Mr. Feigner was born in Walla Walla, Wash., on March 26, 1925, and was adopted at birth. His name as a child was Myrle Vernon King and, when he began his career, he adopted his mother's maiden name and a friend's first name.
He was thrown out of school in his teens and joined the Marine Corps during World War II but was discharged after a nervous breakdown. The one thing he could do well was throw.
"I was an orphan," he told the Fort Worth Star-Telegram in 1997. "I know the hurt and rejection that comes when you don't know who your folks were. I spent a lot of time by myself. I threw a ball against a wall to play pitch and went down to the creek and skipped thousands of stones. All that gave me a strong arm."
He was pitching on adult softball teams by the time he was 9. In 1946, after beating an Oregon team 33-0, he responded to a taunt by saying, "I would play you with only my catcher."
His opponents took up the challenge, allowing Mr. Feigner to add a shortstop and first baseman. After practicing against inmates at the Washington State Penitentiary, Mr. Feigner and his four-man team had their rematch. He pitched a perfect game, striking out 19 of 21 batters.
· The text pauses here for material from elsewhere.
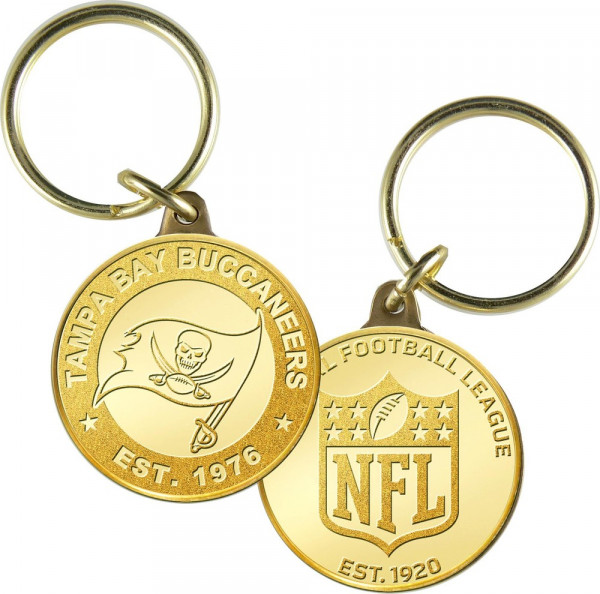 Tampa Bay Buccaneers Minted Coin Keyring American Football NFL Gold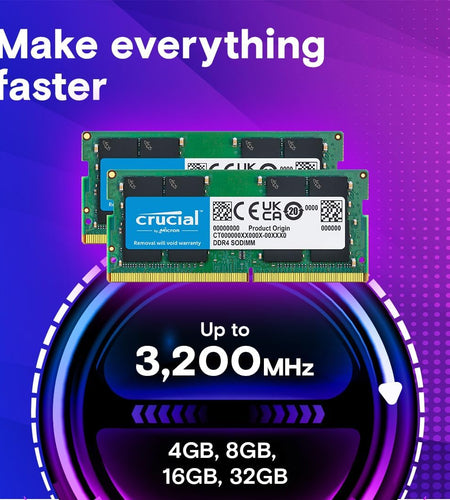 RAM 32GB Kit (2X16Gb) DDR4 3200Mhz CL22 (Or 2933Mhz or 2666Mhz) Laptop Memory CT2K16G4SFRA32A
In 1950, he dubbed his traveling team The King and His Court, and they became the Harlem Globetrotters of softball, complete with gaudy red-white-and-blue uniforms. Mr. Feigner, who always wore a flattop haircut, often arrived at the pitcher's mound in a red Cadillac convertible. His son, Eddie Jr., played alongside him for 25 years.
At his peak in the 1960s, Mr. Feigner made $100,000 a month.
"I've made more money at this than any other ballplayer at any other sport," he told The Washington Post in 1976.
In 2000, Mr. Feigner threw out the first pitch before the women's softball competition at the Olympic Games in Sydney. A day later, he had a stroke and would never pitch again.
Besides his son, survivors include his fourth wife, Anne Marie Feigner, who played first base for The King and His Court; three daughters; nine grandchildren; and four great-grandchildren.